#### [Your task]
Below are the records; give again exactly the lines from the one containing "BMW X1 xDrive23i" through the one containing "TY Beanie Baby", leaving out pictures.
### Source information
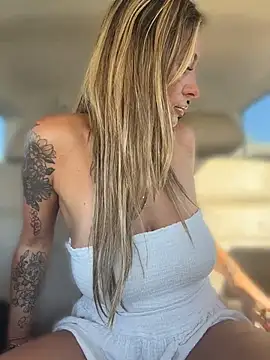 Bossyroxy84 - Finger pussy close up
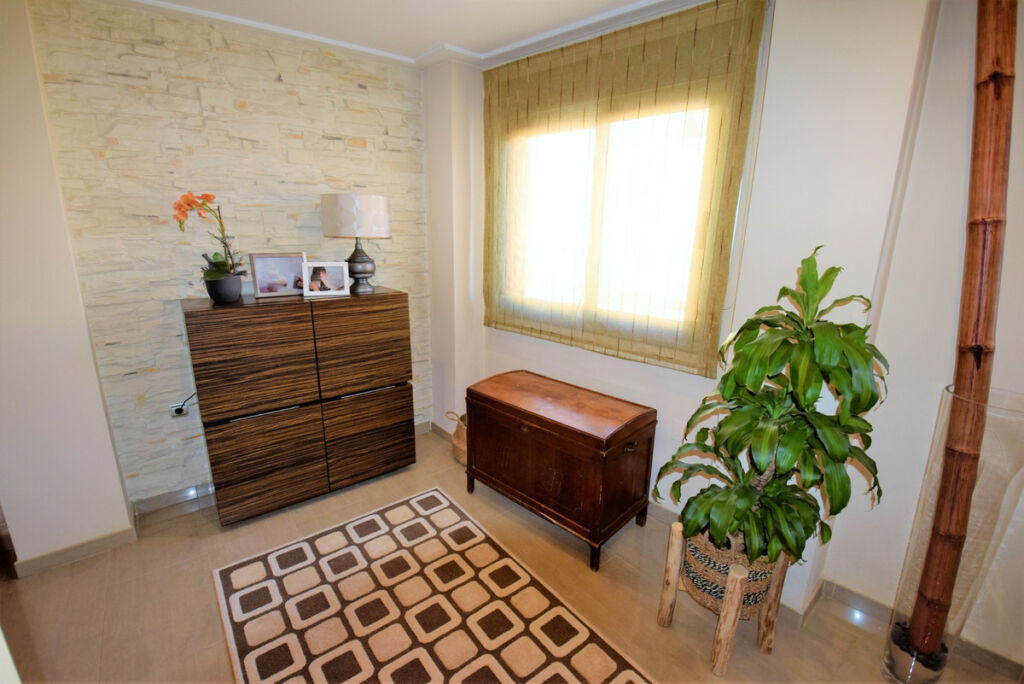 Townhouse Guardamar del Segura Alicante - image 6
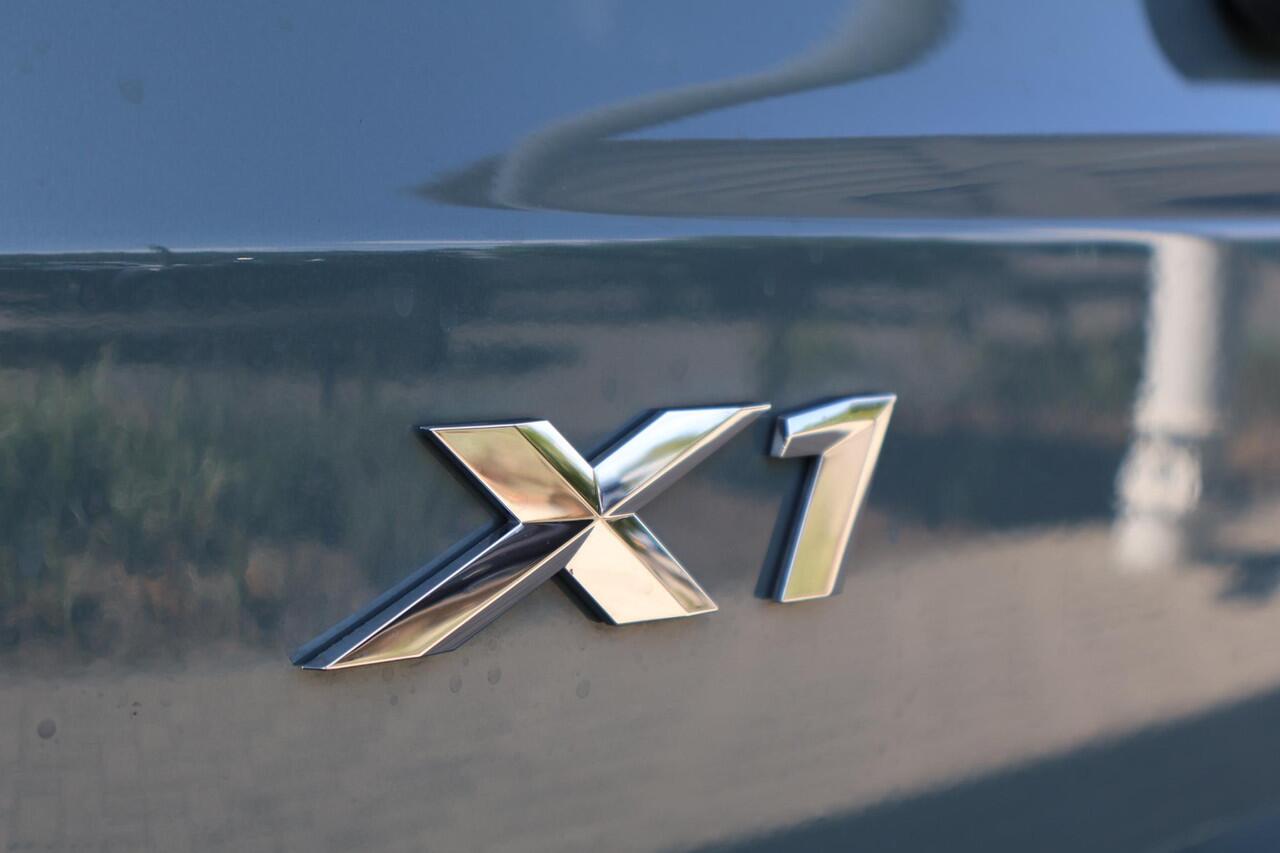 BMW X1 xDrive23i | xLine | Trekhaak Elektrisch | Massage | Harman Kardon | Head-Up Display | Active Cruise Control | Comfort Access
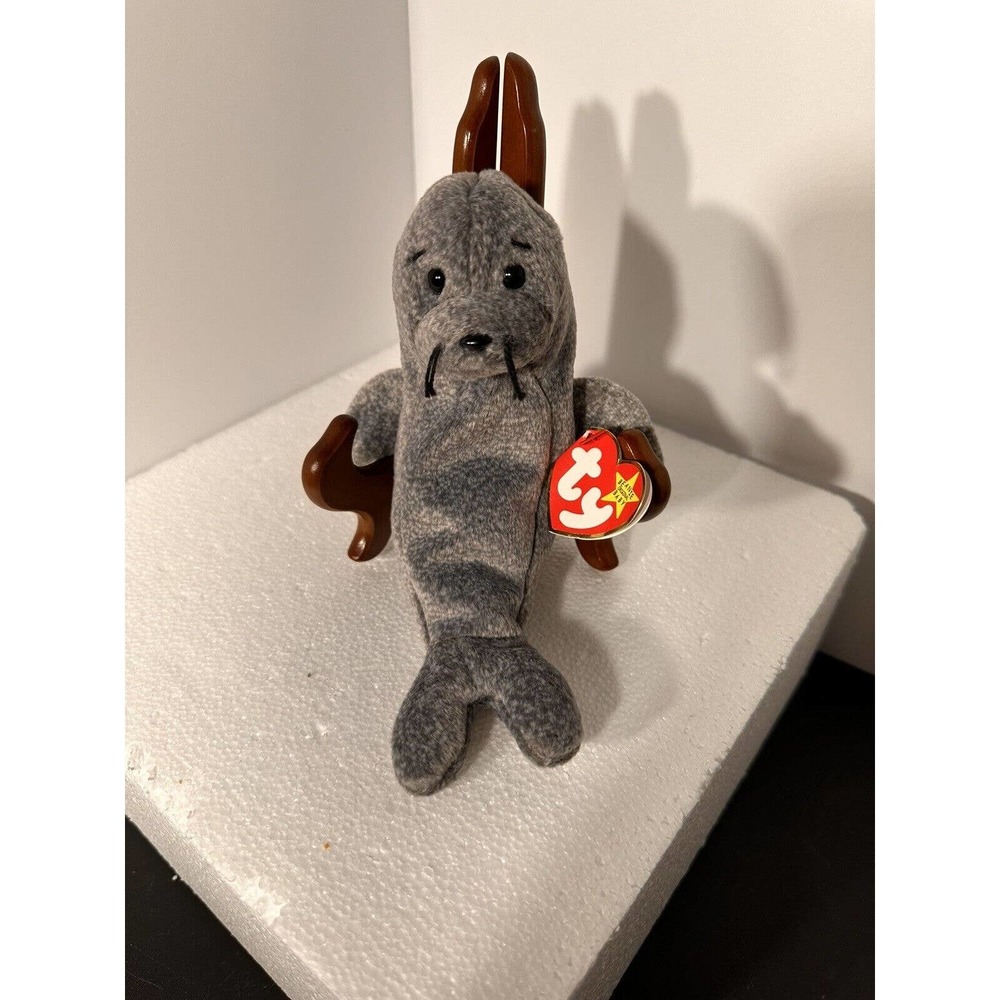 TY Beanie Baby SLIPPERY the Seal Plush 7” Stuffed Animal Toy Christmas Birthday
######
### Source information
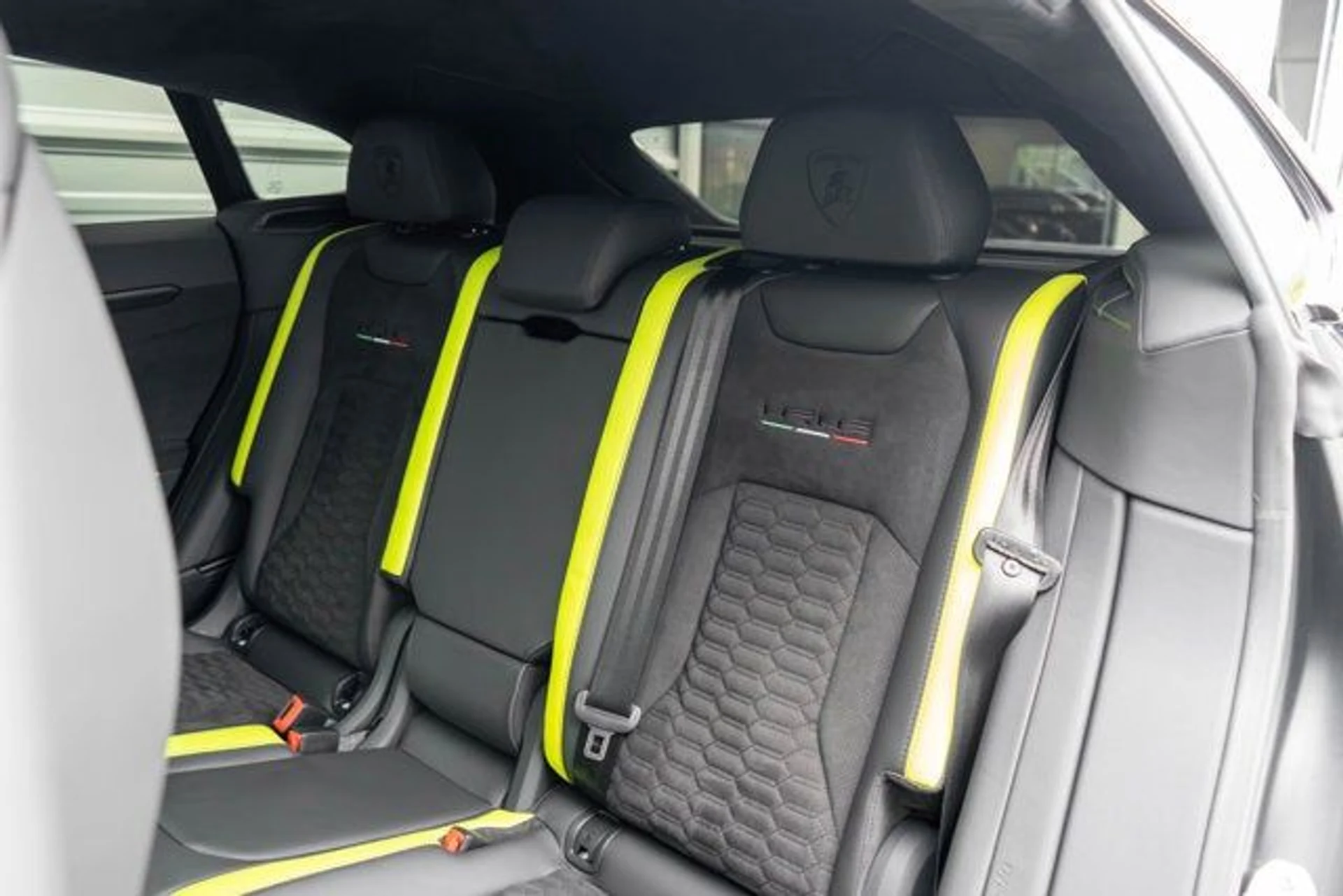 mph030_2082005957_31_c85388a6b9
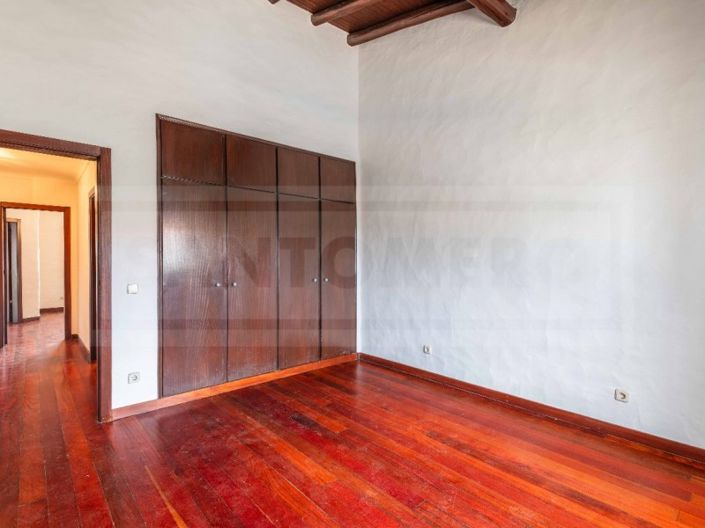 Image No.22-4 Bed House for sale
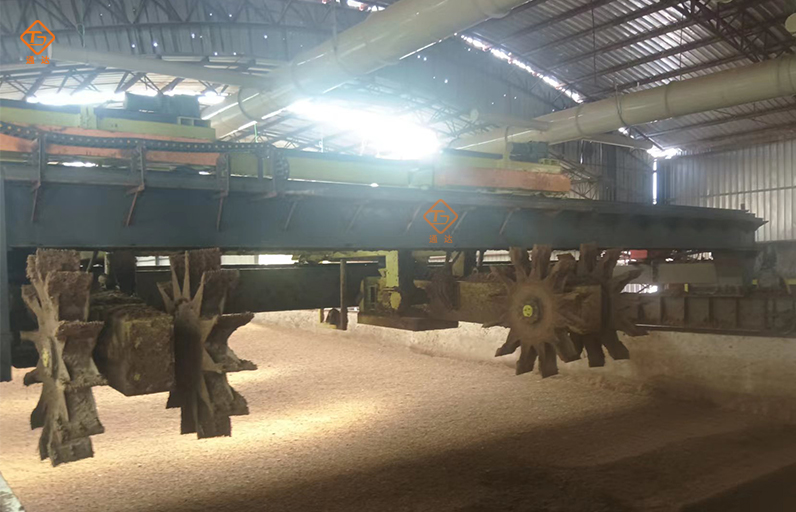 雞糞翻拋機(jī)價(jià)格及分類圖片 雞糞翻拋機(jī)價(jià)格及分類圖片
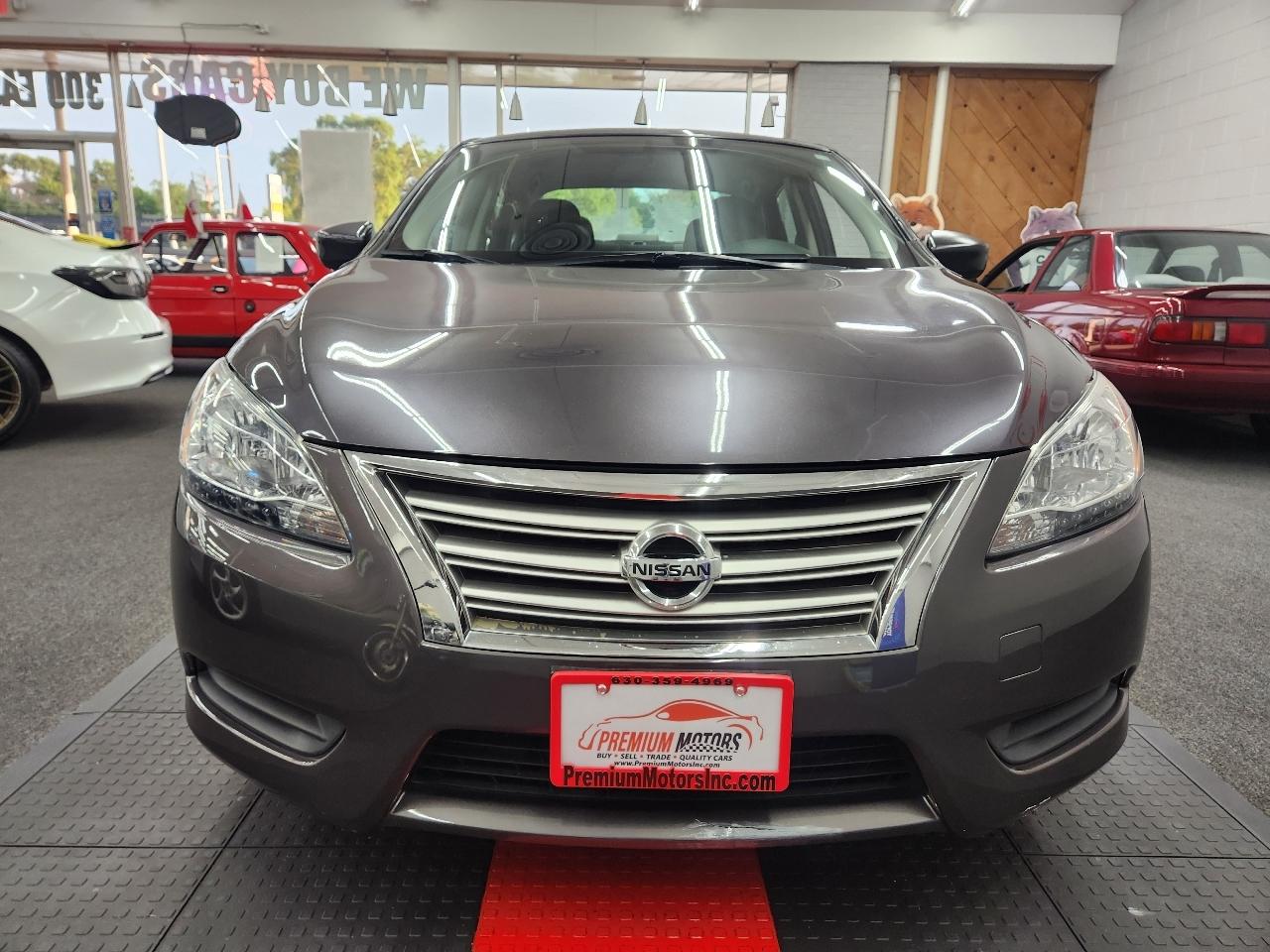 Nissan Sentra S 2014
######
#### [Finished exercise]
 BMW X1 xDrive23i | xLine | Trekhaak Elektrisch | Massage | Harman Kardon | Head-Up Display | Active Cruise Control | Comfort Access
 TY Beanie Baby SLIPPERY the Seal Plush 7” Stuffed Animal Toy Christmas Birthday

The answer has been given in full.